Departments of Physiology and Pathophysiology, National and Kapodistrian University of Athens, Greece

Abstract
Primary Sjögren’s Syndrome (pSS) is a common chronic autoimmune disease affecting 0.5-1% of the population characterized by the lymphocytic infiltration of exocrine glands. Patients suffering from pSS have a 13-fold higher risk of developing non-Hodgkin’s lymphoma (NHL) compared to the general population. Although the pathogenetic events leading from benign autoimmunity to malignancy remain unknown, several mutations have been suggested as possible drivers of this process. The aim of the current research proposal isto investigate the putative role of genetic factors in the pathogenesis of SS-related lymphoproliferation. Blood samples from the Biobank in the Department of Experimental Physiology of the Medical School of the University of Athens - including pSS patients with or without NHL - from rheumatoid arthritis individuals and healthy controls would be analyzed for polymorphisms of methylation enzyme MTHFR, B-cell activating factor (BAFF) as well as a mutation of its receptor BAFF-R His159Tyr, and polymorphisms of the DNA repairing enzyme TREX-1 and the NF-κB pathway inhibitor TNFAIP3/A20 with real time polymeric chain reaction (PCR).
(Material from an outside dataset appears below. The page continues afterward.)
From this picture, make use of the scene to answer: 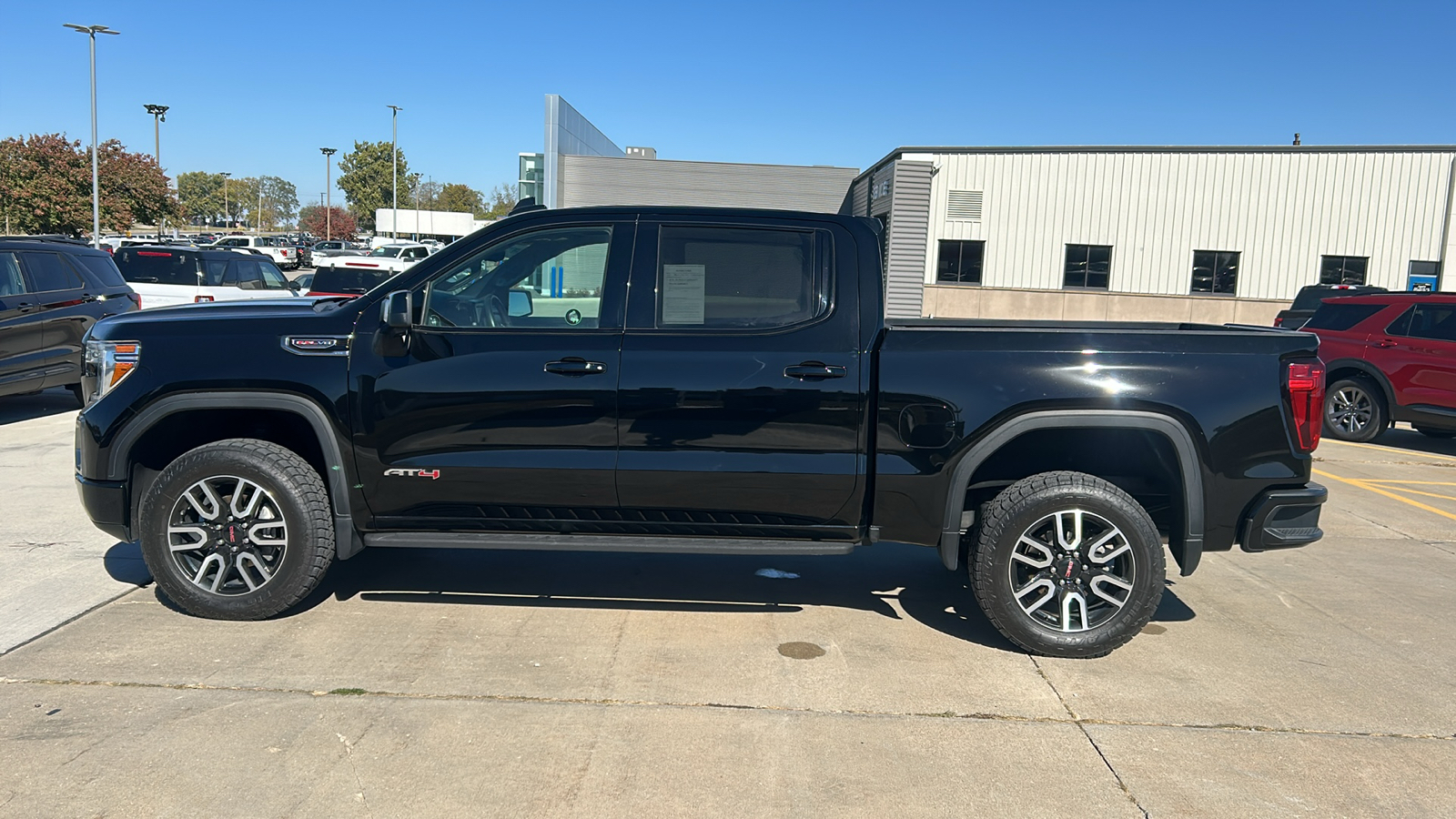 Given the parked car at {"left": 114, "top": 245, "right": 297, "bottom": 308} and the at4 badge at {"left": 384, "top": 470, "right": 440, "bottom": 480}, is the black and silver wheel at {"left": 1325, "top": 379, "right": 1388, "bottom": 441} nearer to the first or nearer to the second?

The mutation of the LILRA3 immunoglobulin, previously associated with both autoimmunity and lymphoma, will be also evaluated by a PCR-based assay. The results would be compared across the different sub-populations in order to determine whether any particular genetic factors and/or mutations can act as prognostic markers for pSS-related lymphoproliferation and propose new treatment approaches (i.e. targeted therapies) that may benefit these patients.